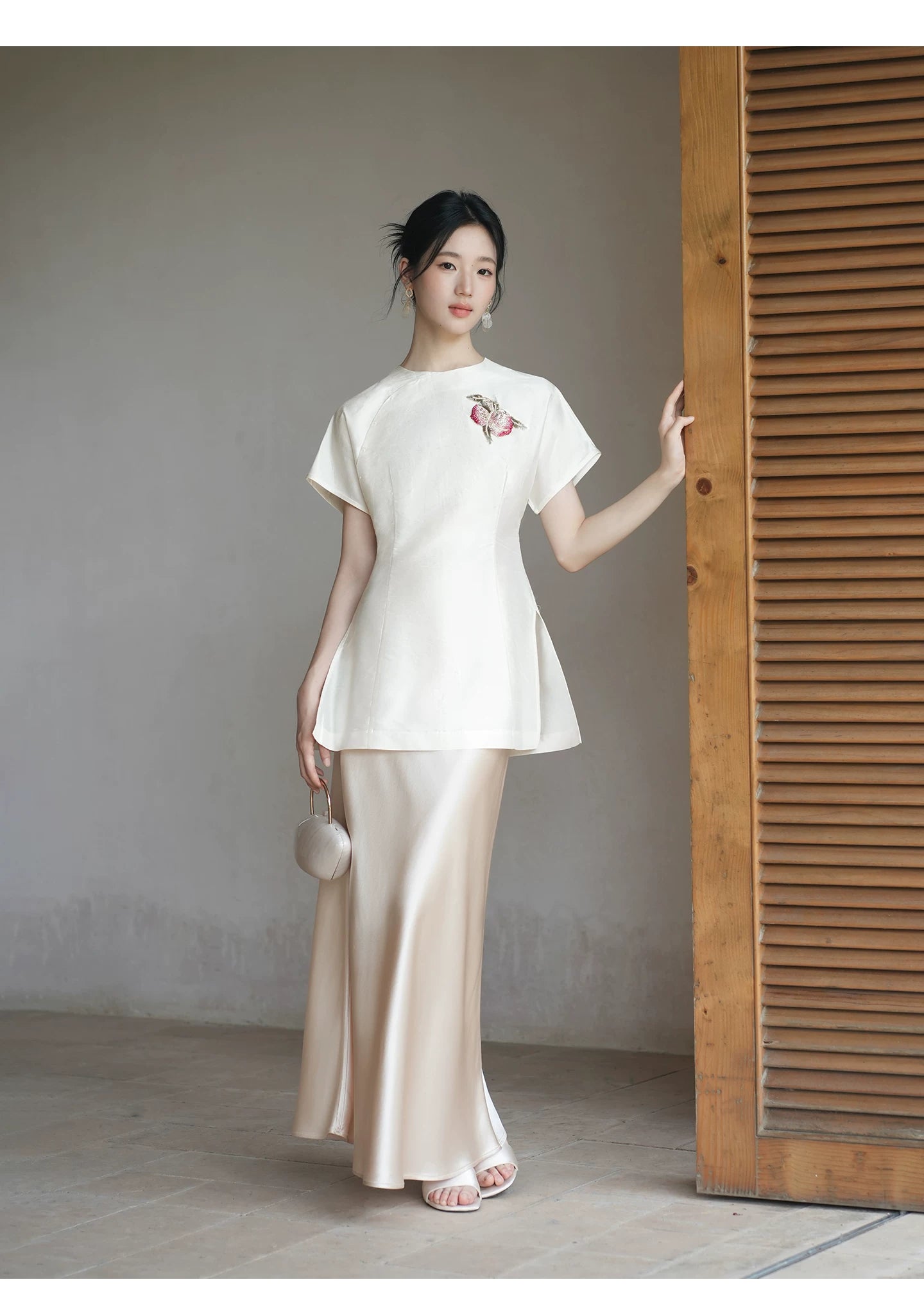 Detailed product image of the Porcelain-Moon mulberry silk top and champagne skirt, showing fabric texture, finish and craftsmanship.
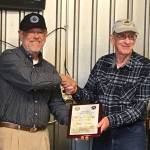 Barry J. Halsted, right, receives the Wright Brothers Master Pilot Award from Ray Ballantyne, representing the FAA Northwest Mountain Flight Standards Division, at the Sequim Valley EAA Chapter 430 monthly gathering on July 27. Submitted photo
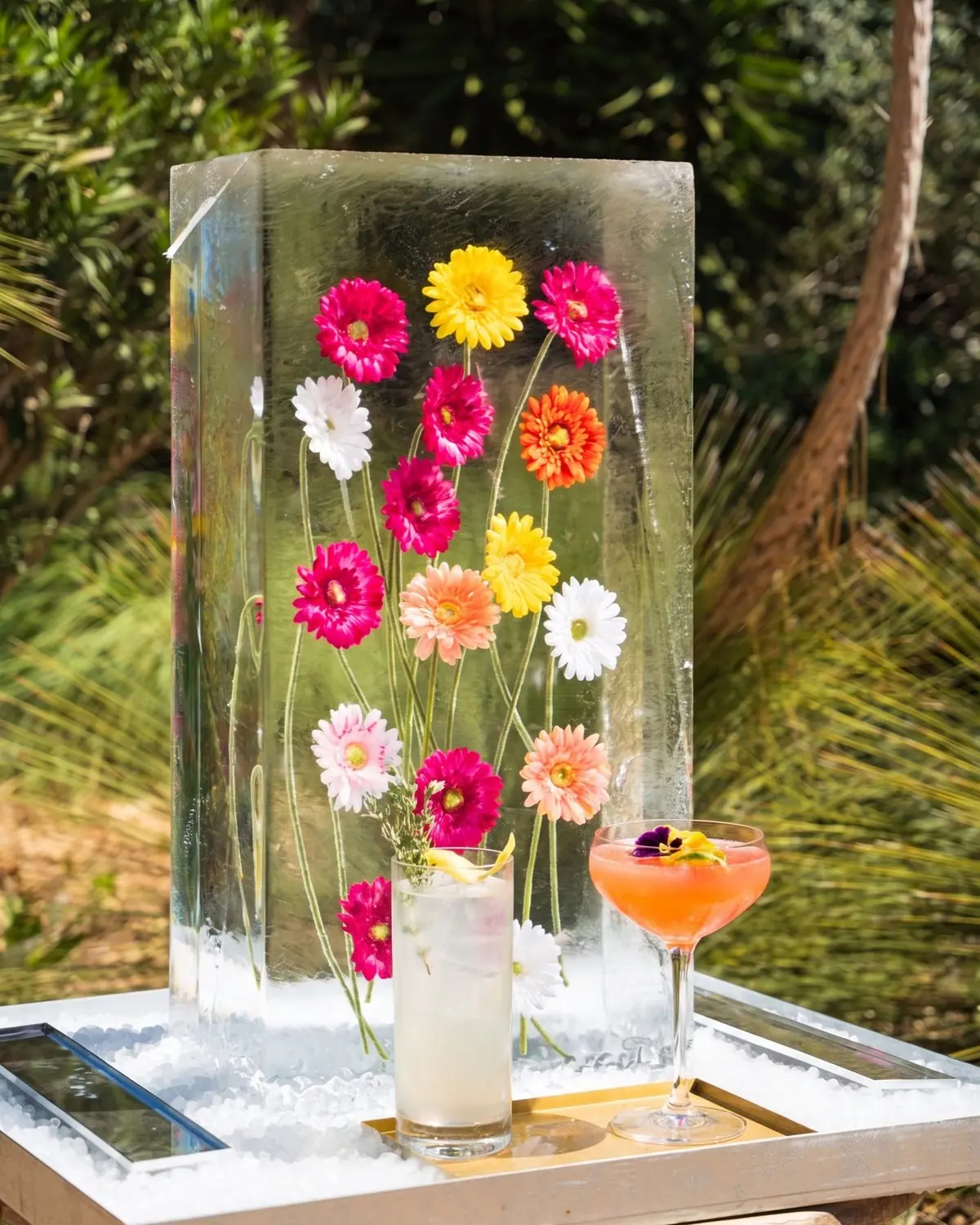 Block of ice with frozen coloured flowers and Green Jar signature cocktails served at its base, at an outdoor Ibiza event.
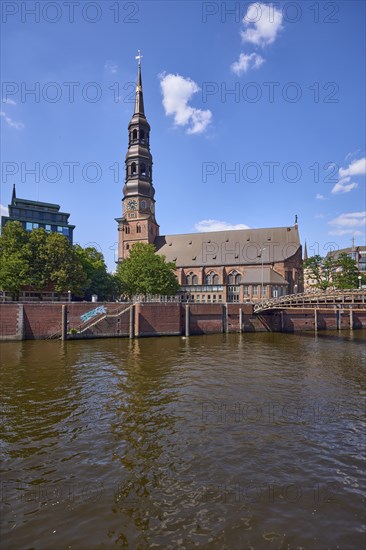 Customs canal with main church St. Katharinen against blue sky with cumulus clouds, Speicherstadt,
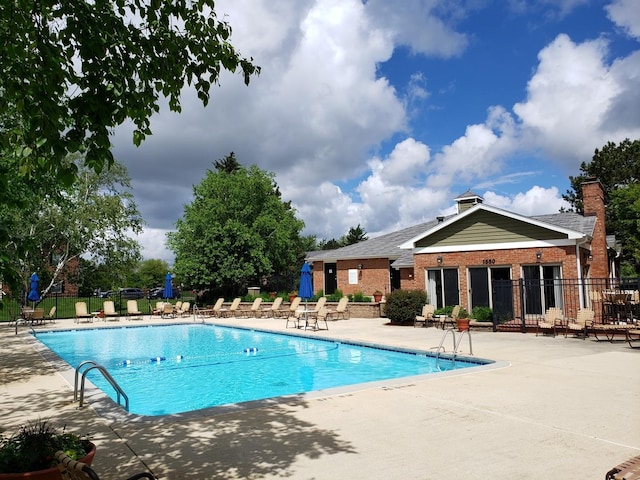 community pool with fence and a patio area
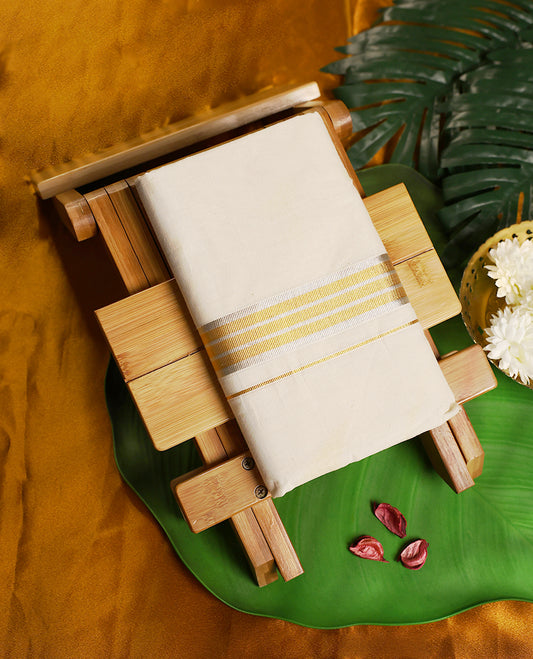 Classic off white colour pure handloom cotton double dhoti featuring a rich golden zari border with fine detailing, blending elegance and tradition. Perfect for weddings, festivals, and cultural celebrations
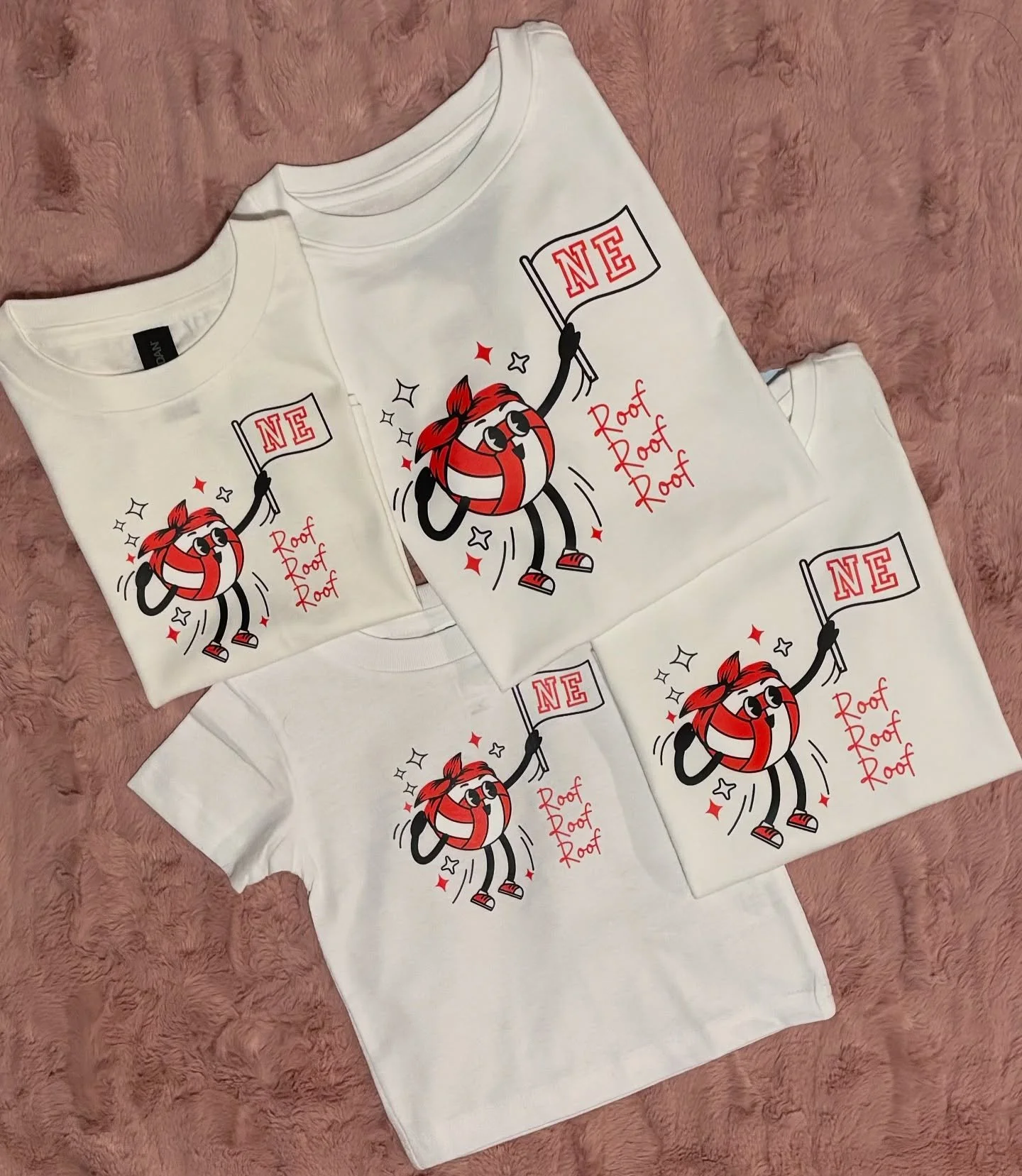 Raising the next generation of Husker volleyball fans. Tiny fans, BIG Husker energy 💪🌽🏐 
#GoBigRed #NebraskaVolleyball #CustomTees #MatchingShirts #FamilyGameDay #gamedayshirts #futurehusker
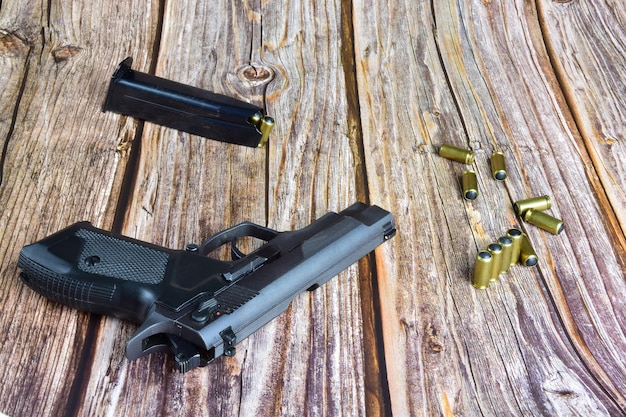 Una pistola nera e diverse cartucce traumatiche giacciono su vecchie tavole di legno marrone.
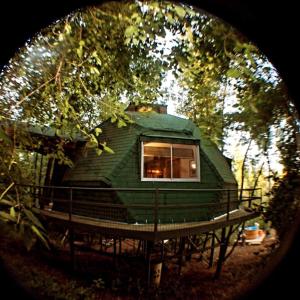 a green tree house with a window on a platform at Glamping Domo Valle de Rabones in Colbún Alto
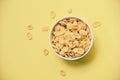 Cornflakes breakfast in bowl on yellow background for cereal healthy food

━━━━━━━━━━━━━━━━

■ What you are asked to do
Starting at the first line of the material above and ending with the line that contains "Block of ice", reproduce every line exactly, and leave out the pictures.

■ Solution for this task
 Detailed product image of the Porcelain-Moon mulberry silk top and champagne skirt, showing fabric texture, finish and craftsmanship.
 Barry J. Halsted, right, receives the Wright Brothers Master Pilot Award from Ray Ballantyne, representing the FAA Northwest Mountain Flight Standards Division, at the Sequim Valley EAA Chapter 430 monthly gathering on July 27. Submitted photo
 Block of ice with frozen coloured flowers and Green Jar signature cocktails served at its base, at an outdoor Ibiza event.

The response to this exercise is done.